State’s pension boost not enough, say unions
However, unions, who are demanding a state-backed pension protection scheme in the ongoing talks on a new national recovery plan, said the Government’s proposals did not nearly go far enough.
Announcing PIPS, the Department of Social and Family Affairs said it would “assist employees and former employees of companies where the employer becomes insolvent and the defined benefit pension fund is in deficit”.
“Under the scheme, trustees can pay a sum to the exchequer to cover the cost of paying the pensions of retired members, instead of buying annuities. Savings will then be put towards the pensions of those yet to retire, thereby reducing, to some extent, pension shortfalls.”
Social and Family Affairs Minister Mary Hanafin said it was unfair that when a scheme wound up in deficit, existing pensioners would receive all their entitlements, while workers paying into the scheme may receive only a fraction of their share.
However, her department confirmed the scheme was not a pension protection scheme as demanded by unions, only a measure to make the most of the value of the schemes.
One union source claimed PIPS was being introduced because the Government had got wind of the impending collapse of another major pension scheme.

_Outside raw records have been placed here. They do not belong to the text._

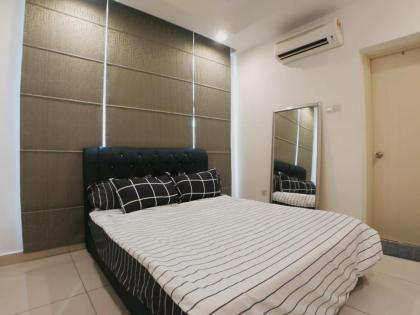 Central Residence Homestay2 @ Sungai Besi Kuala Lumpur - image 10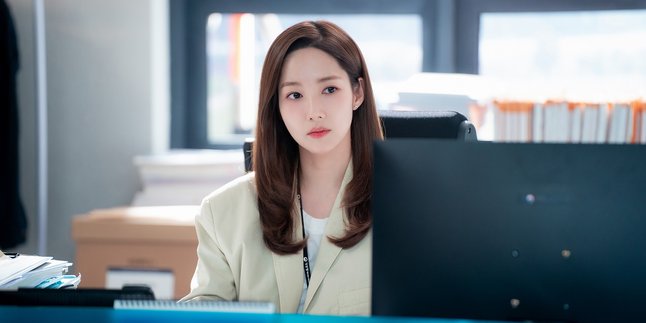 Latest Korean Drama Recommendations on Netflix Indonesia February 2022, Starring Popular Celebrities: Park Min Young - Son Ye Jin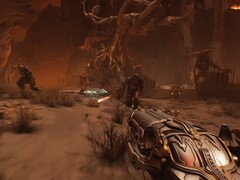 id Software ha pubblicato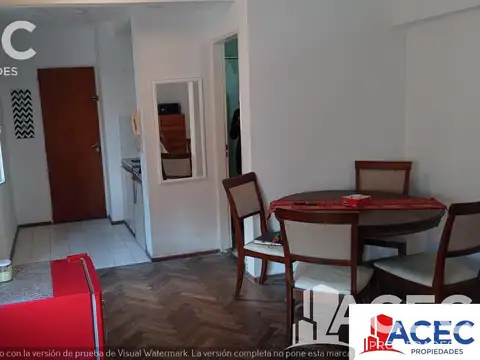 3 de Febrero 500 - Piso 5º Dpto C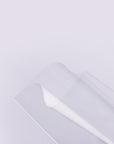 PREMIUM POSTCARD SLEEVES - BLACK VERSION (83x123MM)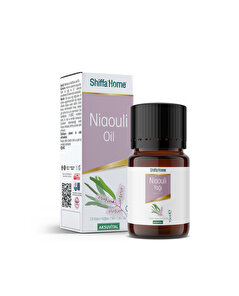Shiffa Home Shiffa Home Bakım Yağı Niaouli 10 ml
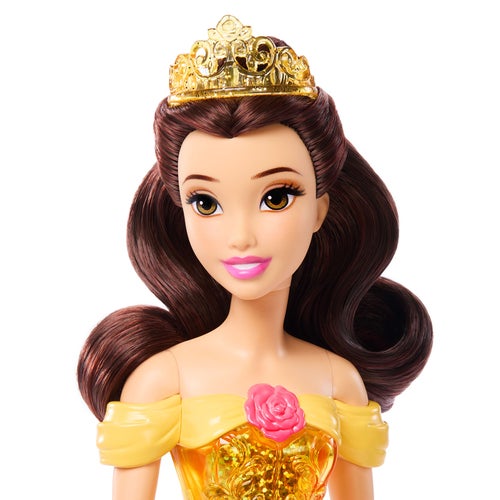 Disney Princess Fashion Doll - Belle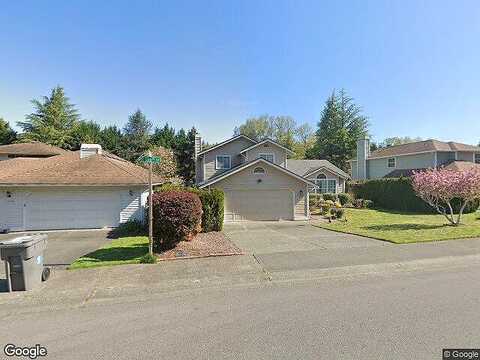 156Th, RENTON, WA 98058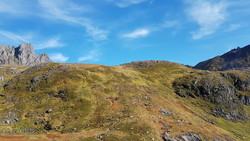 Molladalen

SIPTU said whatever the motive, it did not go nearly far enough.
“It means where a company is insolvent, that instead of winding up the pension scheme and going to the market to buy annuities you can go to the National Treasury Management Agency which will provide it at cost, so the trustees are not paying for the insurance company’s profits and handling fees,” said SIPTU president Jack O’Connor.
“The Green Paper on pensions estimates the value of the NTMA providing the annuity is 18% more.
“It’s a step in the right direction but does not remotely resolve the problem,” he said. “It does not address the problem that not all companies that cease trading are insolvent, as is the case in SR Technics.
“In most pension funds the assets are two thirds in equities and one third in cash and government bonds. If, as is the case in SR Technics and Waterford Crystal, the trustees have to wind it up at a time when equity values are at the lowest they have been for 20 years.
You are getting very poor value even with that additional 18%.”
He said the Government should at least take over the entire funds so that in time of recovery, the pension holders would reap the benefit.